Humanitarian responses alone won’t solve refugee crises

By Jeff Crisp

The year 2014 seems likely to go down as one of the worst in recent humanitarian history.

Armed conflicts in countries such as the Central African Republic, Iraq, South Sudan, Syria and Ukraine have killed many thousands of people and forced millions more from their homes. More than 50 million people around the world have now been displaced by violence, the largest number since the end of the Second World War.

Longstanding crises in Afghanistan, the Democratic Republic of Congo and Somalia have still not been resolved, leaving large numbers of refugees and other displaced people in limbo. In the Kenyan refugee camp of Dadaab, more than 6,000 mostly Somali refugee children have now been born to parents who were themselves born in the camp.

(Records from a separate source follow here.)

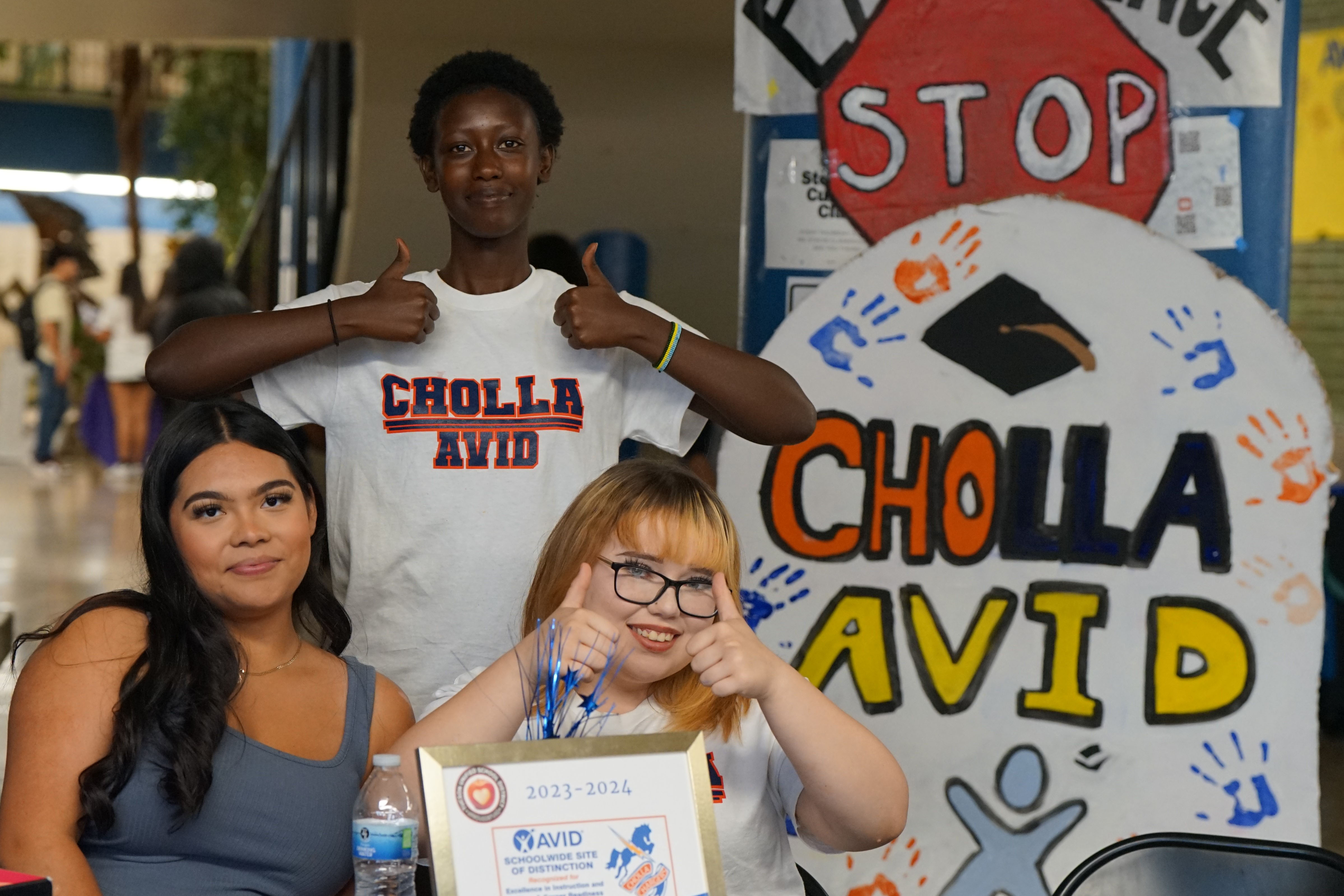 Three students at the Cholla AVID table give a thumbs up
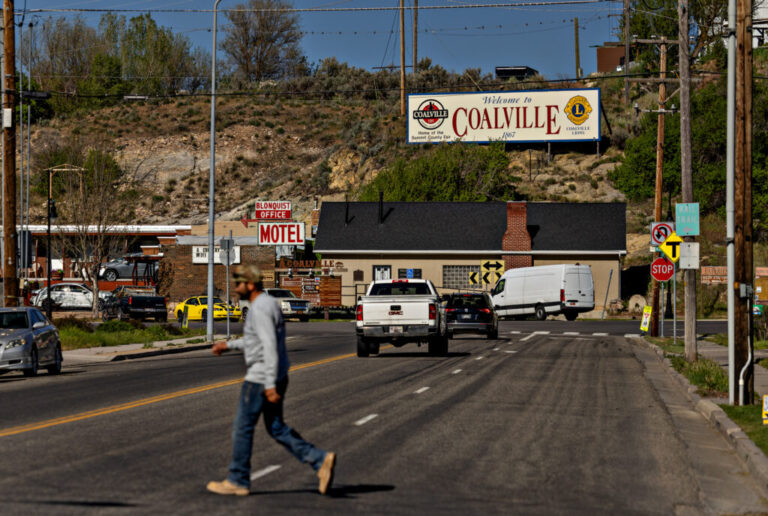A man crosses a street in a town with a billboard that says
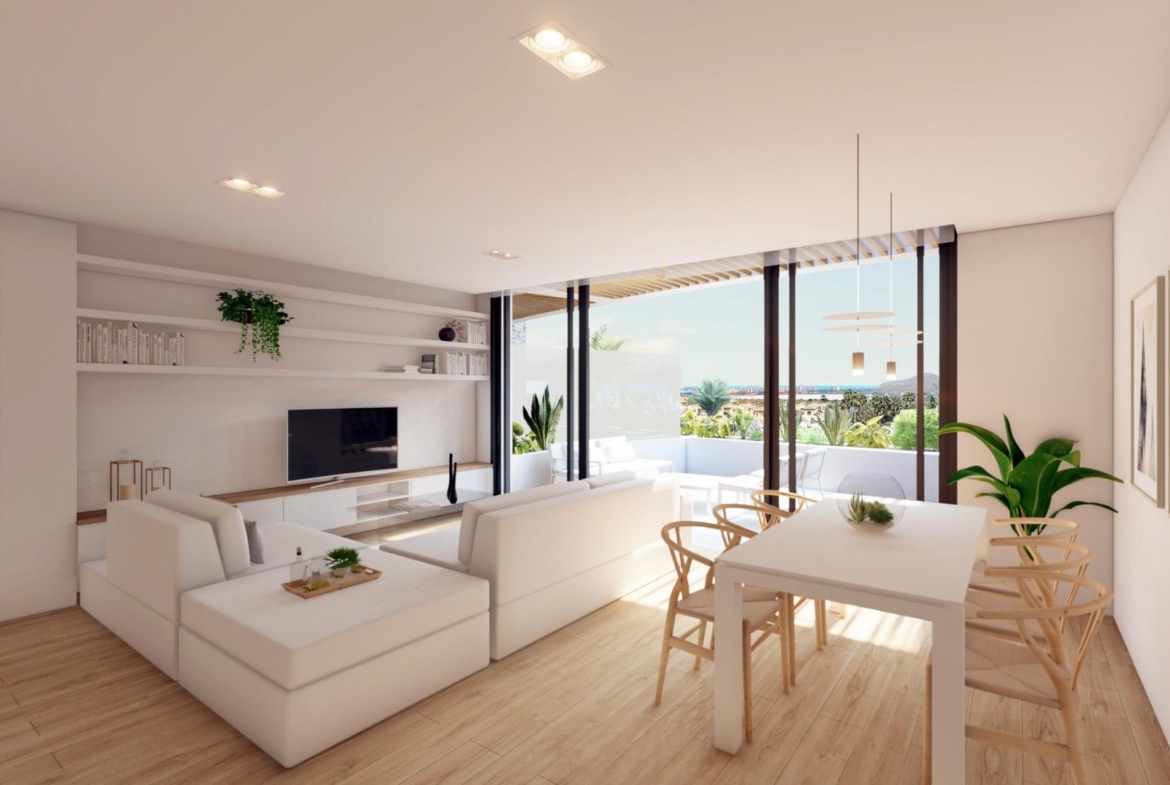 NEW-BUILD-RESIDENTIAL-COMPLEX-IN-LA-MANGA-CLUB-RESORT-4 Open-plan living and dining room with terrace and Mar Menor views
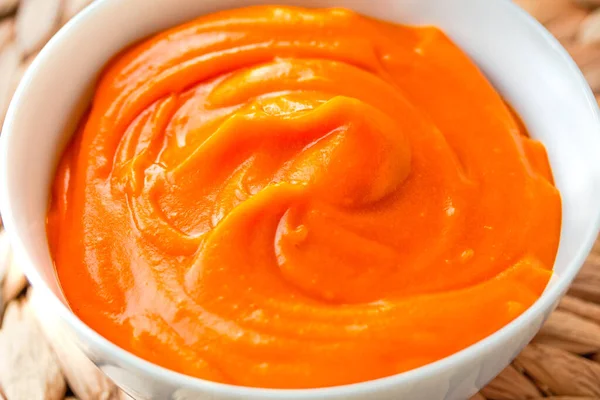 Krema bir kase portakallı kabak püre çorbasına dökülür. Sağlıklı yaşam tarzı ve sonbahar konforu. Yakın plan.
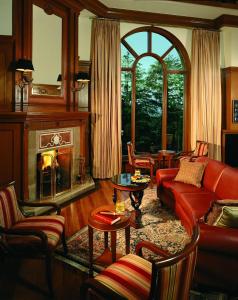 西姆拉Wildflower Hall, An Oberoi Resort, Shimla的客厅设有红色的沙发和壁炉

New forms of violence and large-scale displacement are emerging in many countries around the world. In Mexico, more than a million people have been displaced by the activities of armed gangs and drug cartels. In Nigeria, the militant Islamists of the Boko Haram group have driven thousands of people out of their homes, a situation exacerbated by the heavy-handed response of the country’s military forces.

And to make the situation even worse, states across the world are running roughshod over some fundamental human rights and humanitarian principles.

In Europe, for example, the United Kingdom turned its back in October on the longstanding maritime principle that people who take to the sea should be rescued when they are in distress. Providing British support to international search and rescue operations, the government argues, would act as a “pull factor” for more refugees and other undocumented migrants to make the dangerous passage from North Africa to Europe.

In Saudi Arabia, thousands of foreign nationals, including many Somali citizens who have a valid claim to refugee status in view of the continuing conflict in their country, have been deported from the country, often in very abusive circumstances including the use of force and prolonged detention in appalling conditions. The United Nations and international community have been strangely silent about these human rights violations.

And Australia, a founding member of the international refugee protection system, has sunk to new depths in its efforts to obstruct and deter the arrival of asylum seekers from war-torn and authoritarian states. A key principle of current Australian refugee policy is to banish asylum seekers and refugees to remote and hostile locations such as Cambodia, Nauru and Papua New Guinea in the hope that they will ask to be returned to their country of origin – even if it is not safe for them to do so. According to one former Manus Island employee, it is “an experiment in the active creation of horror.”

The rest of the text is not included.